Selling stock would also be inappropriate for a university on other grounds. Institutions of learning depend on preserving the freedom of their professors and students to teach and learn as they think best. Over the years, we have gradually persuaded outside groups, including corporations, not to try to use financial leverage to impose their views upon our campuses. We cannot expect these organizations to continue exercising such restraint if we insist on resorting to boycotts in an effort to impose our will on them. Once powerful groups in the society feel free to use economic sanctions to force their opinions on others, universities are bound to lose heavily in the process.
Despite these arguments, some will still argue that it is simply immoral for the university to "invest in apartheid" and reap the benefits of such an unjust regime through the dividends received from these companies. In fact, the vast majority of the firms in our portfolio do less than one percent of their total business in South Africa. Any profits that are repatriated from from that country and find their way into company dividends make up only a tiny portion of the funds we receive from our equity holdings. Those who feel that even this amount is enough to condemn these stocks have difficult questions to answer. Do they object to students who take jobs with IBM, Ford, Exxon and other companies who do business in South Africa and take money from these firms in the form of wages rather than dividends? Do they object to buying Coca Cola, Kellogg's Corn Flakes and other products of such companies, thus contributing to profits that may help finance South African operations? Do they object to investing in the 6,000 firms that help South Africa by selling them needed products or buying their exports? What about buying consumer products made in South Africa, or products with components made in South Africa, thus contributing to the apartheid government's economy and its trade balances? Thus far, I have heard no discussion of these questions. Without such discussion, I can only conclude that no coherent moral principle has been advanced, let alone a principle we are willing to apply consistently and obey in our own lives.
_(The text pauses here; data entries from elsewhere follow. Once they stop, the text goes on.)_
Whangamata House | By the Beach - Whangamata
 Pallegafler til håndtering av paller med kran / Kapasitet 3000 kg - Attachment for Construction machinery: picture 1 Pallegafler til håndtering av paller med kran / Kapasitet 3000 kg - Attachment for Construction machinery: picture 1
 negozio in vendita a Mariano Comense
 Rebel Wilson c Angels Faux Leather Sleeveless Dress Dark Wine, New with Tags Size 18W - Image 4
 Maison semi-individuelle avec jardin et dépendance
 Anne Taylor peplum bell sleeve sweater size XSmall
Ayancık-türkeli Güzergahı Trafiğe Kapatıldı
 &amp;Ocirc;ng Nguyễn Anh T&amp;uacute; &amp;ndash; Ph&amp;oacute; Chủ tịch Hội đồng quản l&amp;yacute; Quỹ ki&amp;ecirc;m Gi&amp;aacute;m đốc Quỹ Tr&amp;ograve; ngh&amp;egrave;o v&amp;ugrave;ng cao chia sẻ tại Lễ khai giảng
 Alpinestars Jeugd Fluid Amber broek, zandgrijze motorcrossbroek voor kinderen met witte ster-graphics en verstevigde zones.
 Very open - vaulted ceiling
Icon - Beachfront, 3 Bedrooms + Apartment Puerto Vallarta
My main objection to selling stock, however, is that it is a costly, negative and ineffective way of responding to the sufferings and wrongs of South Africa. I recognize that the massive injustices of the apartheid system create a constant temptation to walk away from South Africa with some angry gesture of defiance. But if there is a moral principle that arises from holding stock in companies doing business in South Africa, it is not that we should wash our hands of the matter by simply selling our shares to someone else. Walking away will not shorten the life of apartheid by a single minute or lessen the burdens of a single black South African. For those who truly care about the injustices of apartheid, the right course is to look for positive steps that a university can take to help black South Africans work toward a better future marked by human dignity and political freedom. I intend to pursue this course in the coming months and to increase Harvard University's efforts in the direction.
*Allis Chalmers ($2 million) and Tokheim ($.8 million). The University sold its shares of Baker International (about $1 million) on the same grounds last February.